The data also suggest that focusing on mathematical trajectories and connections might produce more positive likely impacts on student learning. This speaks to the need to focus on developing knowledge of the mathematical terrain in teacher education coursework—including what Ball and colleagues refer to as horizon knowledge—and highlights the more general issue that strong mathematical knowledge for teaching (Ball et al. 2008) is key to responding to PTMs in ways that enhance students’ mathematical understanding. For example, to productively respond to a PTM, a teacher needs to decipher the mathematics underlying a student’s response and consider how it fits with the goals of the lesson or broader goals of the course (Leatham et al. 2011). Work conceptualizing the mathematical knowledge for teaching required to act on these moments productively is needed to provide important insights into the process of becoming the kind of mathematics teacher advocated by organizations such as NCTM (2000).

Fully understanding PTMs and teacher decisions in response to them requires expansion of the exploratory study in two important ways. First, other groups of teachers, including those who are more experienced and those who may have participated in learning experiences aimed to promote noticing and capitalizing on PTMs during instruction need to be included in the data set. Although the participants in this study engaged in activities related to understanding student thinking in their teacher education coursework, they did not focus specifically on what student thinking might be most productive to build on during instruction. Second, teacher decisions require further investigation. This study classified teacher decisions in relation to what could be observed in the classroom video. We acknowledge, however, that teachers’ decisions may be mitigated by a host of contextual and teacher-specific factors (e.g., Jaworski 2004; Schoenfeld 2011). Thus, additional research should include interviews with teachers that will provide more complete information about not only whether they noticed a PTM during instruction, but the thinking behind their decisions to either act upon or ignore PTMs.

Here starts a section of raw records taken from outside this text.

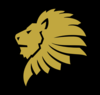 Lion Head Gold Clip Art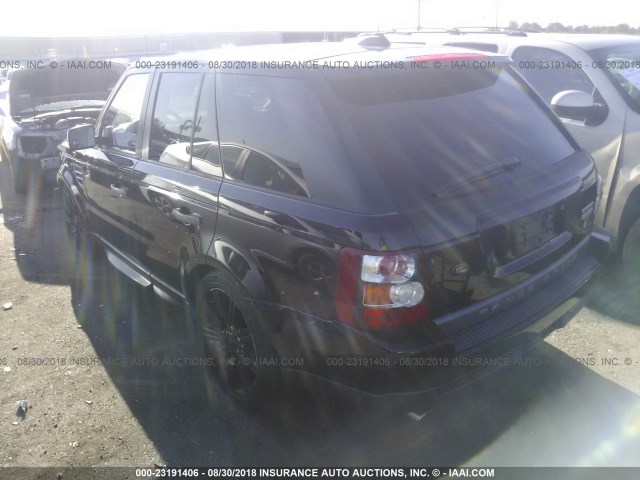 SALSH23447A117380 - 2007 LAND ROVER RANGE ROVER SPORT SUPERCHARGED BLACK photo 3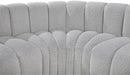 Arc Boucle Fabric 8pc. Sectional Grey - 102Grey-S8A - Vega Furniture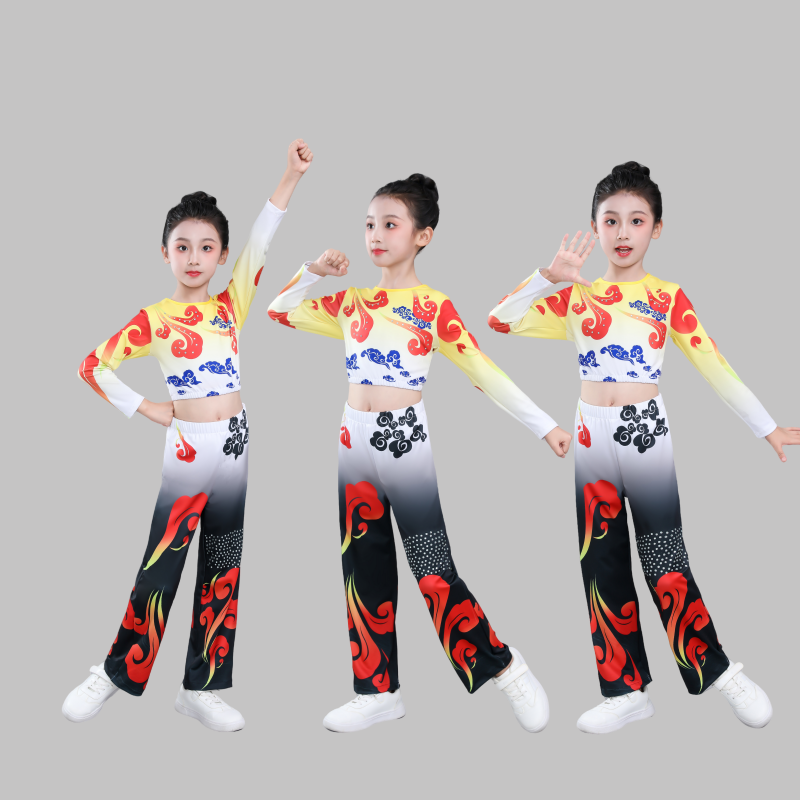 健美操比赛服啦啦操啦啦队演出服运动会广播体操拉拉队健身表演服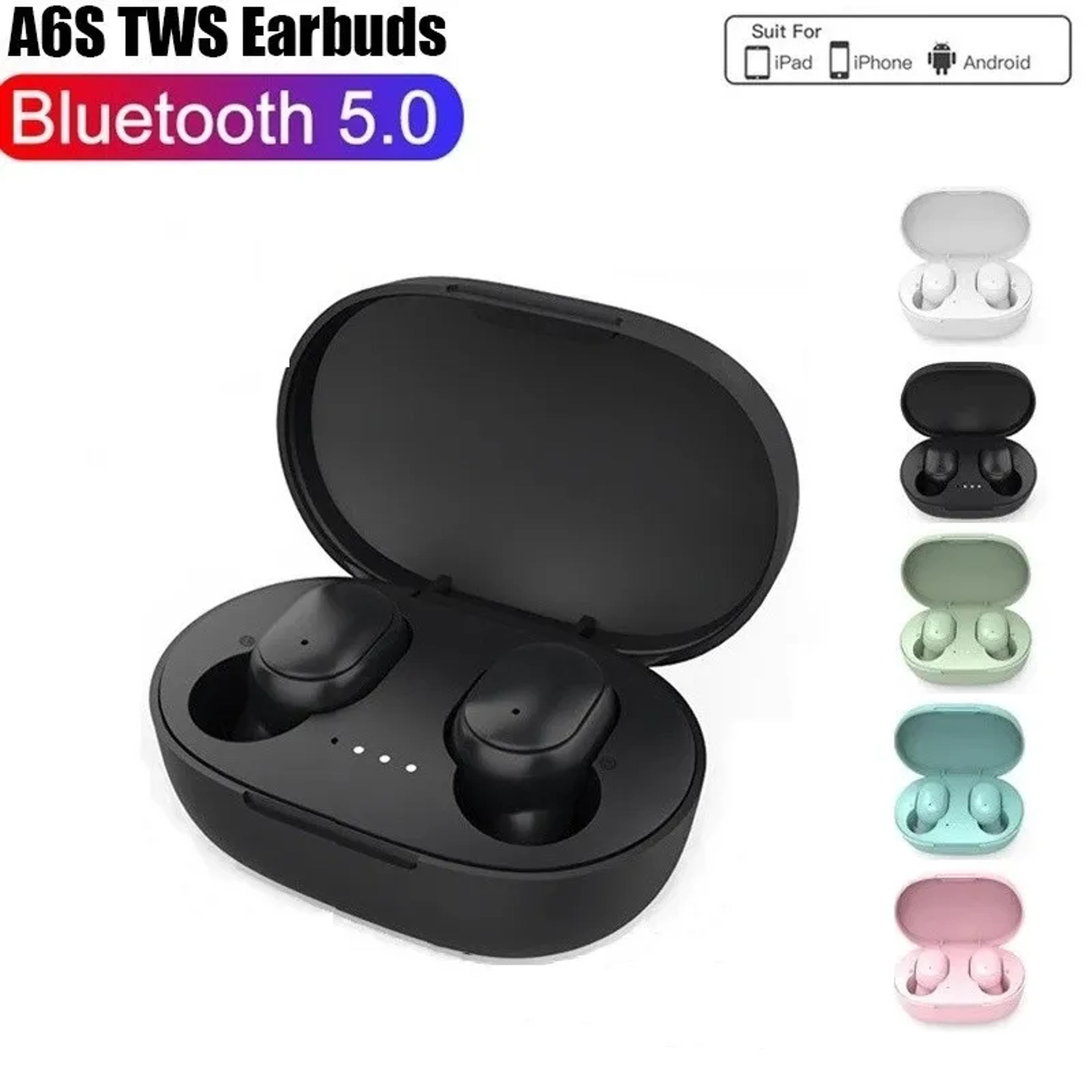 touch control earbuds with mic, tws wireless bluetooth 5.1 earphones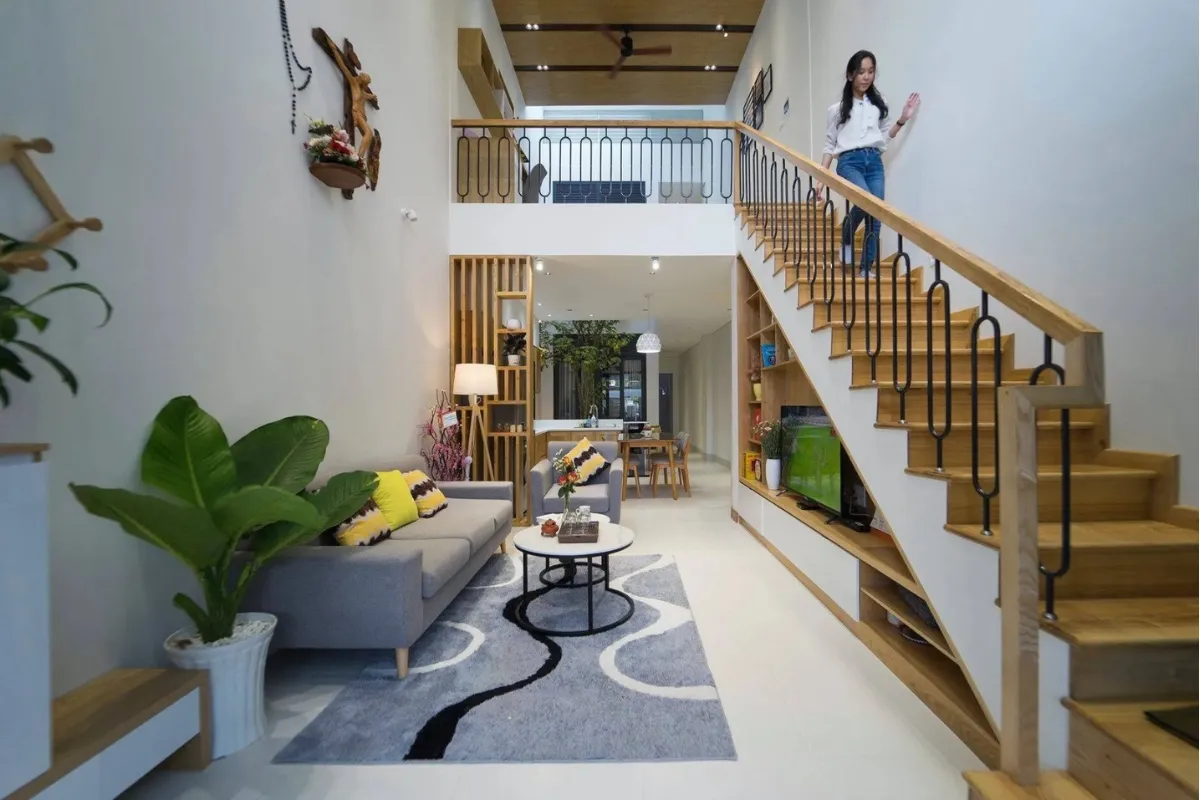 mẫu cầu thang tiết kiệm diện tích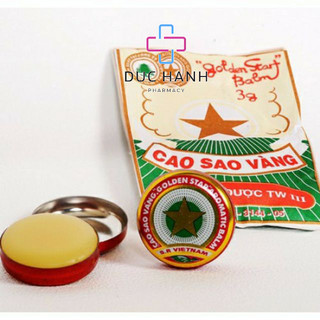 Cao sao vàng 3g phòng cảm lạnh, sổ mũi, chóng mặt, nhức đầu, côn trùng cắn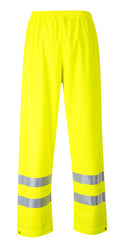 Portwest Sealtex Flame Hi-Vis Pants: Front View Yellow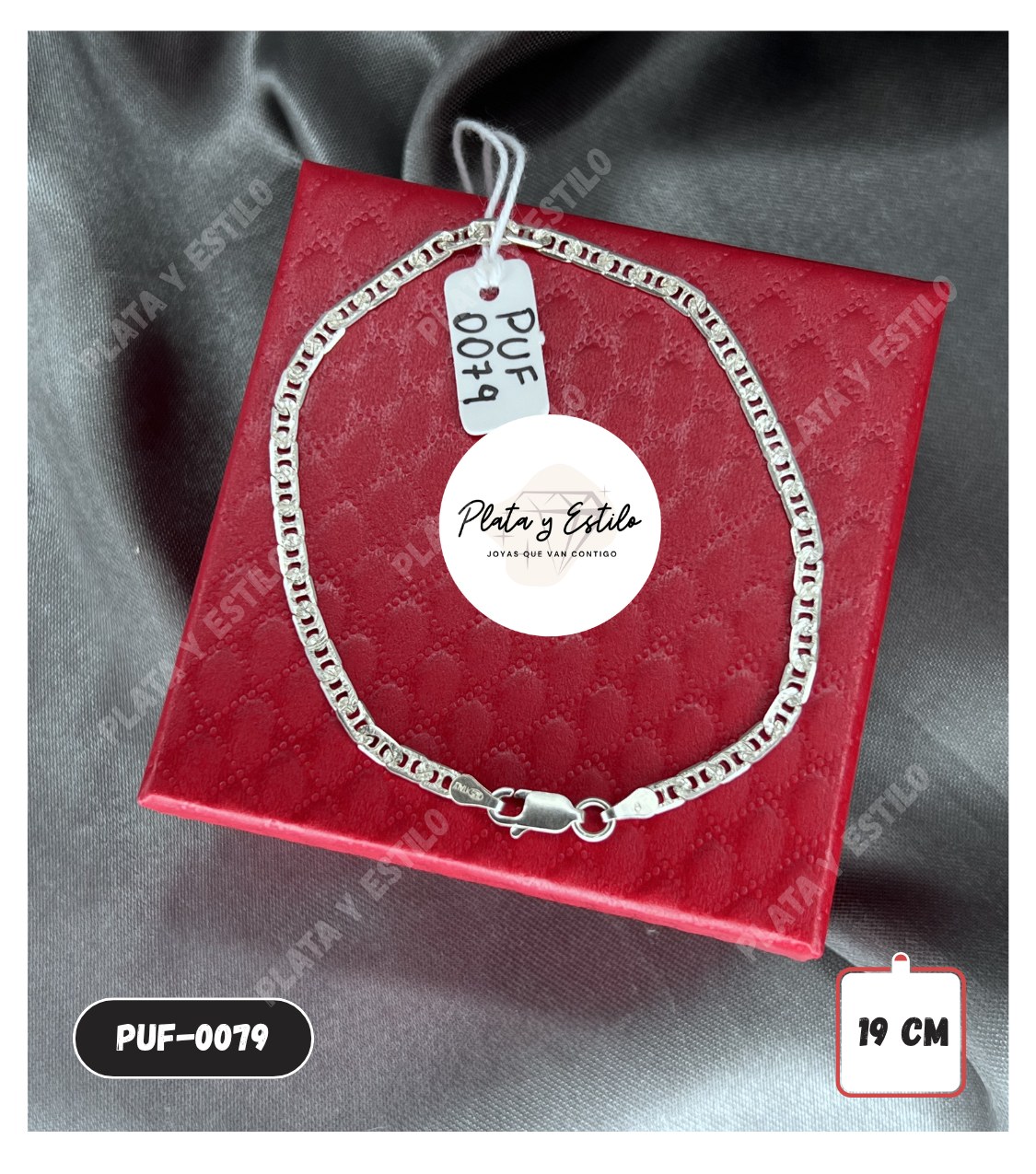 Pulsera Gucci plana diamantada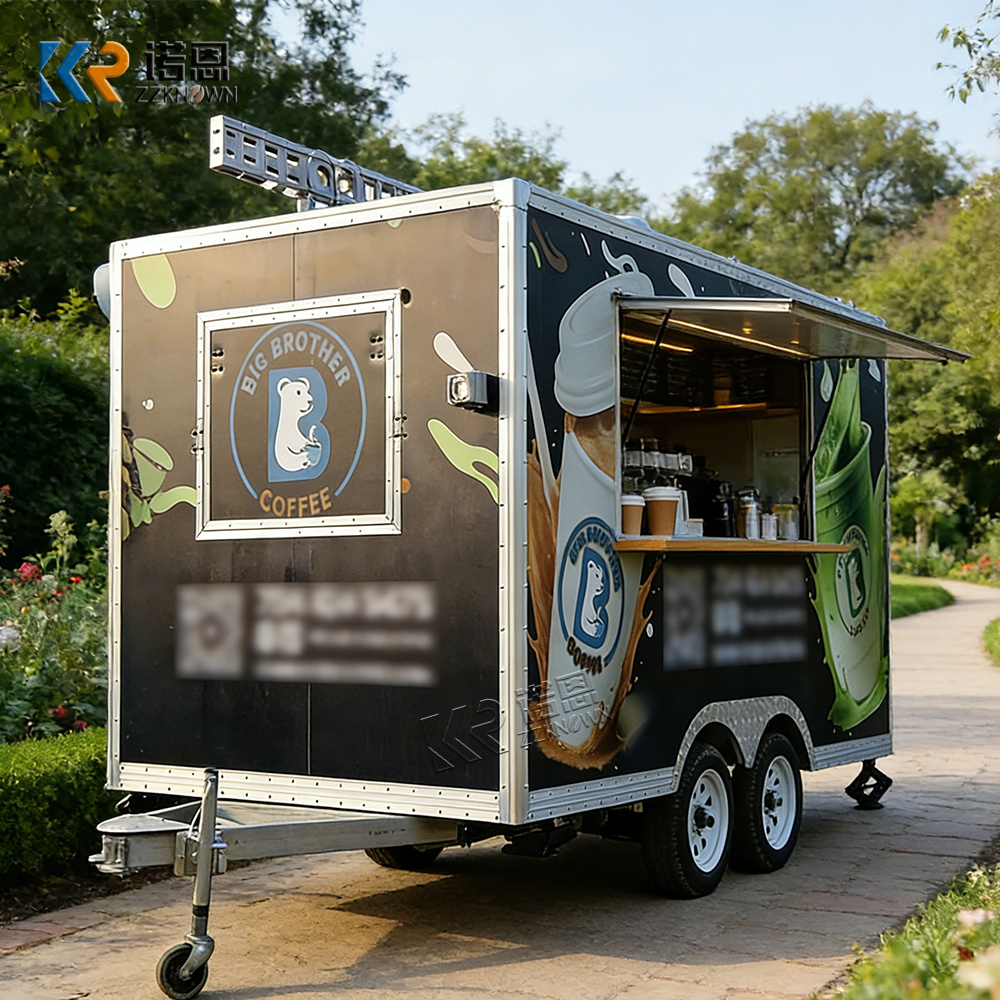 Low Cost Coffee Trailer for Sale | Affordable Mobile Coffee Business – ZZKNOWN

The intent of this exploratory work was to provide an initial understanding of high-leverage instances of student thinking that occur as interruptions in the flow of a classroom lesson. The resulting framework can be used by researchers to engage in detailed analysis of teachers’ noticing and use of student thinking during a lesson. For example, it provides researchers with a tool for analyzing what types of student thinking a teacher is able or unable to recognize and effectively respond to, rather than simply analyzing whether a teacher responds to student thinking. The framework can also be used by teacher educators to help teachers capitalize on PTMs during classroom instruction. Teachers are faced with a myriad of decisions on a moment-by-moment basis in their classrooms. We argue that PTMs, by their very nature, prompt teacher decisions that can have a high impact on the learning that goes on in a classroom. As such, they are worthy of analysis so that PTMs and effective responses to them can be identified and shared with teachers. This is particularly useful in the case of novice teachers who have less experience and knowledge to draw on as they make their decisions. Being able to recognize PTMs and effective responses to them would improve beginning teachers’ abilities to act in ways that would increase their students’ mathematical understanding.